Figure 2: Temporal evolution of the collaboration parameter θ showing incremental trust building through mutual concessions, ultimately reaching the full-social optimum.
Dynamics of Trust, Punishment, and Apology
Analysis of intertemporal behavior reveals that trust (quantified by θ) is not fixed. Instead, it grows progressively with consistent matching and mutual concessions, but can be shattered abruptly by perceived defections—a result recapitulating human tit-for-tat and inequity aversion patterns. Upon an exogenous betrayal (opponent defection), the stability parameter γ sharply increases, activating punitive responses that withhold cooperation and restore parity via L2 norm-based retribution. Once apology or corrective action is observed, agents rapidly forgive, returning θ to unity and disabling the punishment parameter.
Figure 3: Demonstration of retaliation and forgiveness—exogenous betrayal causes collapse of trust and activation of punitive inequity aversion, but cooperation can be restored once the defector apologizes.
Moreover, as the repeated game approaches its final time step, agents systematically decay social parameters and revert to myopic optimization, consistent with endgame backward induction and finite-horizon discounting.
Figure 4: Endogenous social parameters extracted from experiment, demonstrating horizon-based decay and collapse of trust in the endgame phase.
Asymmetry, Observability, and Phase Transitions
The transition from cooperative to competitive regimes is sharply sensitive to agent asymmetry. If preference parameters (bi) or utility functions diverge too far, LLM agents abandon parity heuristics and revert to selfish play, indicating a tolerance threshold for fairness-maintenance. Information observability also plays a crucial role: when individual agent actions are unobservable and only aggregates are available, agents display erratic, irrational, or suboptimal responses despite the sufficiency of aggregate statistics for classical payoff maximization. This signals a systemic preference for fairness and interpersonal reasoning, even when rationality would dictate otherwise.

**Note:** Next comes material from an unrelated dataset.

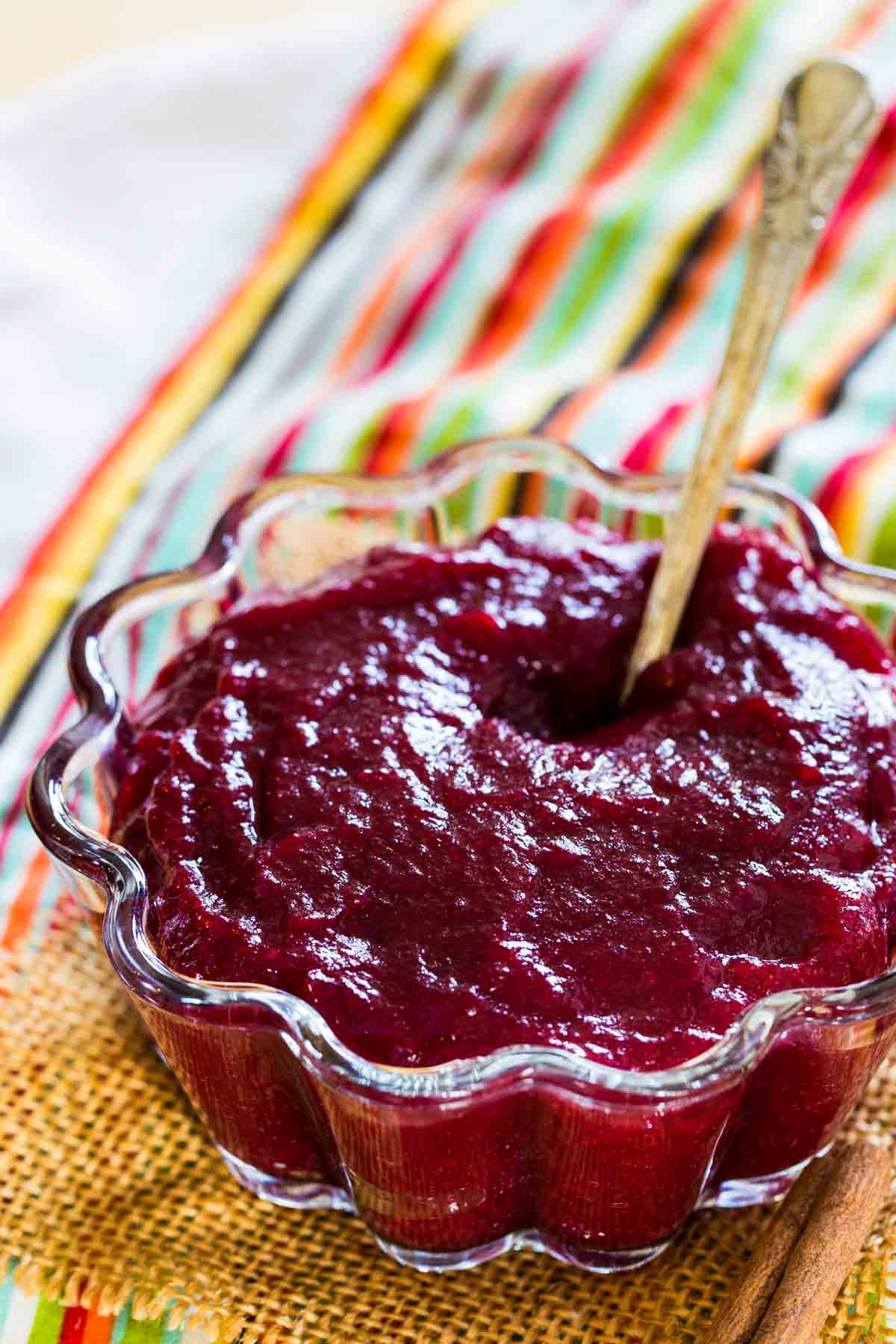 Homemade cranberry sauce in a dish with a spoon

Theoretical and Practical Implications
This work establishes that LLM agents, in contrast to classical game-theoretic rational agents, systematically learn and internalize social welfare and fairness notions. Their intertemporal behavioral dynamics are captured by succinct state-space models derived from CoT analysis, incorporating social rewards, stability penalties, and their adaptive adjustment contingent on opponent deviations and horizon effects.
Practically, these findings imply that LLM-based control or market mechanisms can endogenously enforce cooperative, system-efficient outcomes through prompt design and multi-agent coordination—even without explicit communication protocols or side agreements. However, the susceptibility to prompt framing, the model’s built-in notion of fairness, and epistemic uncertainties about opponent types present both opportunities and vulnerabilities for real-world deployment (e.g., susceptibility to manipulation or breakdown under high asymmetry).
Theoretically, the results suggest a new bridge between algorithmic mechanism design, behavioral economics, and cognitive modeling, as LLMs inherit both “reasoning” and “social intuition” from their data and architecture, sometimes overriding formal rationality.
Conclusion
This paper provides compelling evidence that LLM agents—when embedded in repeated, nonzero-sum games—deviate from Nash rationality and gravitate toward cooperative equilibria modulated by fairness and social reasoning. Endogenous parameter extraction recapitulates core findings of behavioral game theory, including trust building, punishment, forgiveness, and horizon discounting. The work has substantial implications for both AI-based market mechanism design and foundational research on machine reasoning and strategic interaction. Future investigations should focus on generalizing the parameterization across diverse games, characterizing robustness to prompt and model variation, and systematically exploring breakdowns of cooperation in large-scale, heterogeneous systems.